Tetl (a stone) used for roundish or cylindrical objects; e.g. eggs, beans, cacao beans, cherries, prickly-pears, Spanish loaves, &c., also for books, and fowls:

Pantli (?) for long rows of persons and things; also for walls and furrows:

Tlamantli (from mana, to spread on the ground), for shoes, dishes, basins, paper, &c., also for speeches and sermons:

Olotl (maize-grains) for ears of maize, cacao-pods, bananas: also for flint arrow-heads (see W. v. Humboldt, Kawi-Sprache, ii. 265).

I have, by the kind aid of my friend Professor Terrien de la Couperie, compiled a list of nearly fifty languages in which this curious idiom exists. But it takes up too much space to be inserted here. I may, however, give his statistics of the number of such determinatives, as assigned in the grammars of some of these languages. In Chinese vernaculars, from 33 in the Shanghai vernacular to 110 in that of Fuchau. In Corean, 12; in Japanese, 16; in Annamite, 106; in Siamese, 24; in Shan, 42; in Burmese, 40; in Malay and Javanese, 19.

If I am not mistaken, the propensity to give certain technical and appropriated titles to couples of certain beasts and birds, which had such an extensive development in old English sporting phraseology, and still partly survives, had its root in the same state of mind, viz. difficulty in grasping the idea of abstract numbers, and a dislike to their use.
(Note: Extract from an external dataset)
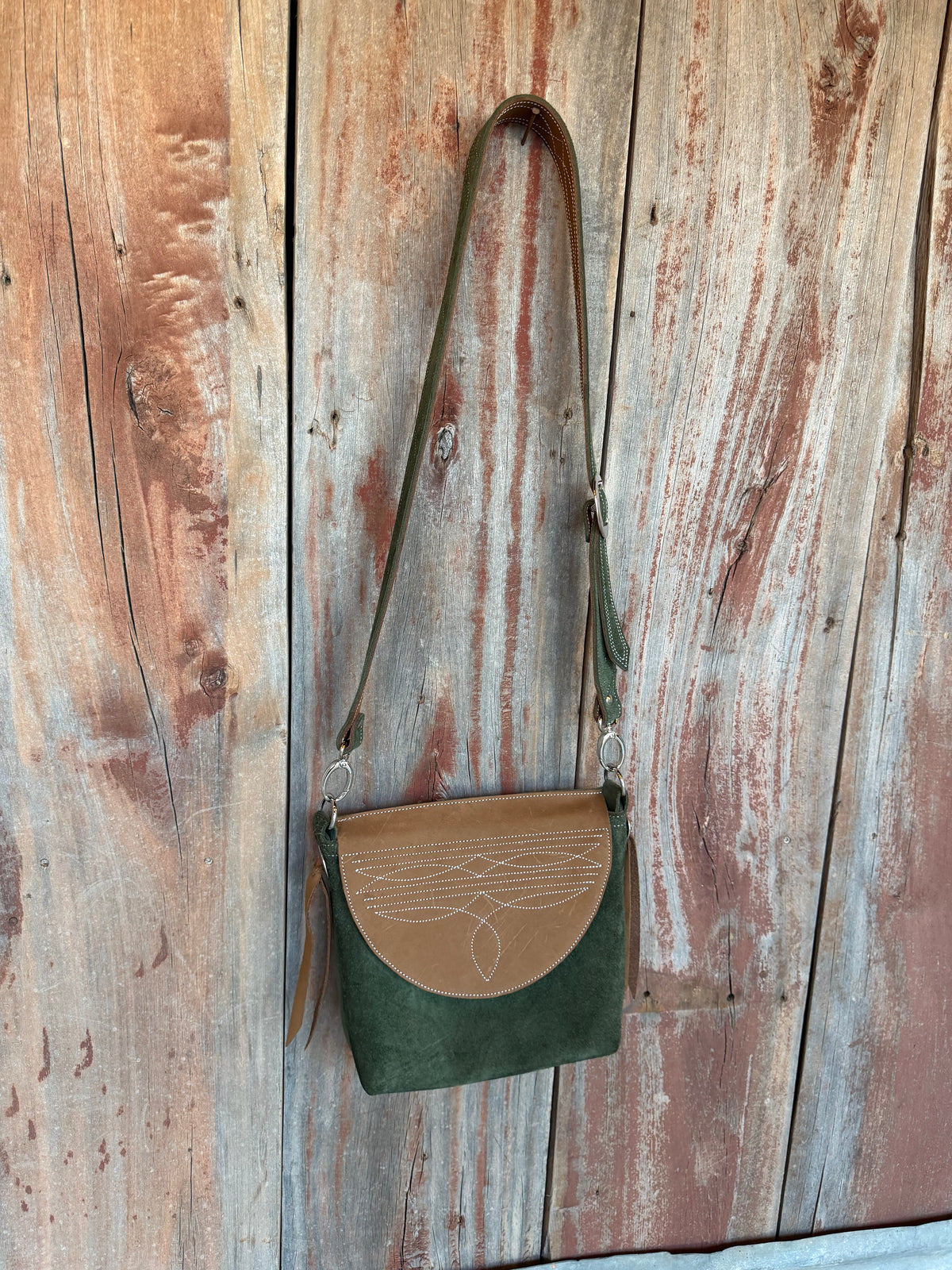 Evergreen Toe Bug Purse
Some light to me was, many years ago, thrown upon this feeling, and on the origin of the idiom of which we have been speaking, by a passage in a modern book, which is the more noteworthy as the author does not make any reference to the existence of this idiom in any language, and possibly was not aware of it:

"On entering into conversation with the (Red) Indian, it becomes speedily apparent that he is unable to comprehend the idea of abstract numbers. They exist in his mind only as associated ideas. He has a distinct conception of five dogs or five deer, but he is so unaccustomed to the idea of number as a thing apart from specific objects, that I have tried in vain to get an Indian to admit that the idea of the number five, as associated in his mind with five dogs, is identical, as far as number is concerned, with that of five fingers."—(Wilson's Prehistoric Man, 1st ed. ii. 470.) [Also see Tylor, Primitive Culture, 2nd ed. i. 252 seqq.].

Thus it seems probable that the use of the numeral co-efficient, whether in the Malay idiom or in our old sporting phraseology, is a kind of survival of the effort to bridge the difficulty felt, in identifying abstract numbers as applied to different objects, by the introduction of a common concrete term.
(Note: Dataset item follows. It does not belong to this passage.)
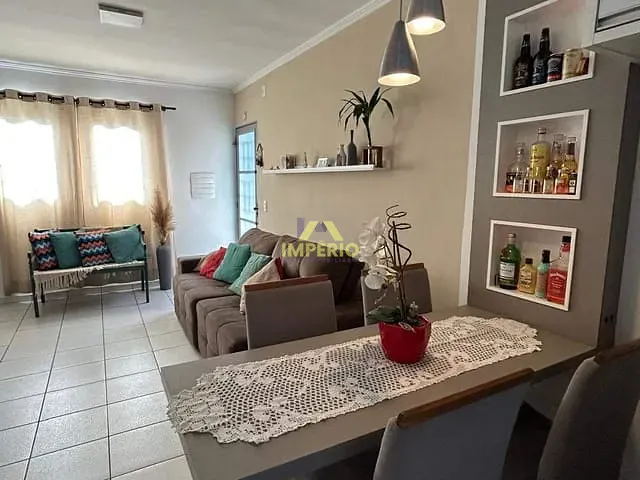 Casa 2 quartos e 2 banheiros, à venda, no bairro Jardim Planalto em Salto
Traces of a like tendency, though probably grown into a mere fashion and artificially developed, are common in Hindustani and Persian, especially in the official written style of munshīs, who delight in what seemed to me, before my attention was called to the Indo-Chinese idiom, the wilful surplusage (e.g.) of two 'sheets' (fard) of letters, also used with quilts, carpets, &c.; three 'persons' (nafar) of barḳandāzes; five 'rope' (rās) of buffaloes; ten 'chains' (zanjīr) of elephants; twenty 'grips' (ḳabẓa) of swords, &c. But I was not aware of the extent of the idiom in the munshī's repertory till I found it displayed in Mr. Carnegy's Kachahri Technicalities, under the head of Muḥāwara (Idioms or Phrases). Besides those just quoted, we there find 'adad ('number') used with coins, utensils, and sleeveless garments; dāna ('grain') with pearls and coral beads; dast ('hand') with falcons, &c., shields, and robes of honour; jild (volume, lit. 'skin') with books; muhār ('nose-bit') with camels; ḳiṭa ('portion,' piecey!) with precious stones, gardens, tanks, fields, letters; manzil ('a stage on a journey, an alighting place') with tents, boats, houses, carriages, beds, howdas, &c.; sāz ('an instrument') with guitars, &c.; silk ('thread') with necklaces of all sorts, &c. Several of these, with others purely Turkish, are used also in Osmanli Turkish.[[192]]

NUNCATIES, s. Rich cakes made by the Mahommedans in W. India chiefly imported into Bombay from Surat. [There is a Pers. word, nānḵhat̤āi, 'bread of Cathay or China,' with which this word has been connected. But Mr. Weir, Collector of Surat, writes that it is really nankhaṭāī, Pers. nān, 'bread,' and Mahr. khaṭ, shaṭ, 'six'; meaning a special kind of cake composed of six ingredients—wheat-flour, eggs, sugar, butter or ghee, leaven produced from toddy or grain, and almonds.]